İttihat ve Terakki doyumsuz, bununla da yetinmiyor terör estiriyor âdeta. Serbestî Gazetesi Başmuharriri Hasan Fehmi’yi köprü üzerinde kurşuna diziyor ve işin çivisi çıkıyor.
KIVILCIM KIŞLADAN
Beklenen patlama sağdan soldan değil kendi getirdikleri avcı taburlarından çıkıyor. Askerler başlarındaki subayları hapsediyor, komuta çavuşların eline geçiyor. Gece, Ayasofya’ya doğru iniyor, frenkleşmeye ve frenkleştirmeye karşı olduklarını söylüyorlar. Gidip Meclis binasını kuşatıyor, eski Harbiye Nazırı Nazım Paşa’nın vazifeye iadesini istiyorlar.
Elbette taşkınlık yapanlar da oluyor, meselâ Lâzkiye Milletvekili Aslan Bey’i, Hüseyin Cahit sanıp öldürüyorlar. Asar-ı Şevket Zırhlısı Kaptanı Binbaşı Ali Kabuli Bey’in kendi askerleri tarafından katledilmesi, Sultanı çok üzüyor. Bu arada Şurayı Ümmet ve Tanin yayınevleri darmaduman oluyor. Ve kabine istifa ediyor.
14 Nisan 1909’da Tevfik Paşa Hükûmeti çalışmaya başlıyor.
31 Mart bir halk hareketi değil, başı medreseliler değil üniformalılar çekiyor. Merkez üssü Taksim Kışlası (Gezi Parkı). Peki siviller katılmıyor mu? Katılıyor ama ortak bir gayeleri yok. Zabıtaya kızan seyyar da yumruk sallıyor.

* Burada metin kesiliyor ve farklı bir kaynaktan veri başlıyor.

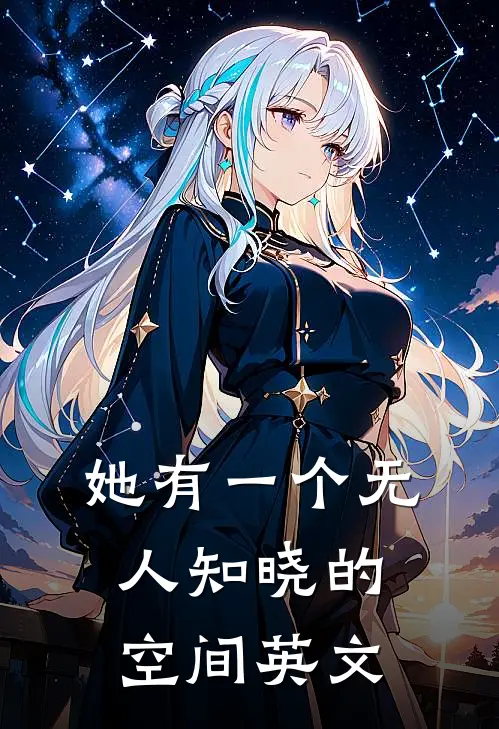 她有一个无人知晓的空间英文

Peki bu kalkışma cemiyetin işine yarayabilir mi? Hiç yaramaz mı? İstanbul’u sıkıştırabilmek için bahane arayan kurmaylar el ovuşturuyor.
Nitekim Rumeli’de toplanıp İstanbul’a akıyorlar. Öncüleri Selanik’teki 3. ve Edirne’deki 2. Ordu. Resneli Niyazi, Rum, Ermeni, Bulgar komitacıları da ardına takıyor. Yahudi taburları zaten hazır kıta. Şüphesiz yağma peşinde koşanlar da var aralarında.
GELEN GİDENİ ARATIYOR
Hareket Ordusunu 9. Redif Fırkası Kumandanı Hüsnü Paşa idare ediyor, Kurmay Başkanlığını da Kolağası M. Kemal yapıyor.
İstanbul’a girmeden Yeşilköy’de son bir toplantı... Ordunun başına Mahmud Şevket Paşa geçiyor, Kurmay Başkanlığı da M. Kemal’den alınıp Binbaşı Enver’e veriliyor. Aralarındaki husumet derinleşiyor.
Sultana karşı attığı seviyesiz nutuklarla tanınan Mahmud Şevket Paşa kıra döke şehre hâkim oluyor. Adama medreselilerden görünüyorlar, ki Fatih Camiinde kurşun izleri duruyor hâlâ.
Taşkışla, Davutpaşa ve Taksim kışlalarını çatışarak ele geçiriyor ve yöneliyorlar Yıldız Sarayı’na.
Muhafız birlikleri eğitimli ve donanımlı bu güruhu rahatlıkla dağıtabilecek evsafta. Lakin Sultan kan dökülsün istemiyor.
İttihatçılar Fetva Emini Hacı Nuri Efendi’yi, Meclis’e davet ediyor, sultanın indirilmesi için sıkıştırıyorlar. Adamcağız insaf ve izan sahibi, kabul etmiyor. Gelgelelim Elmalılı Hamdi “Müslümanların imamı olan kimse, bazı mühim şer’i meseleleri şeriat kitaplarından çıkarsa ve yasak etse, yaksa, yırtsa… Devlet hazinesini israf edip şeriata aykırı şekilde harcasa, idare ettiği kimseleri şer’i sebep olmadan öldürse…” diye başlayan iğrenç iftiralarla darbecilere alet oluyor.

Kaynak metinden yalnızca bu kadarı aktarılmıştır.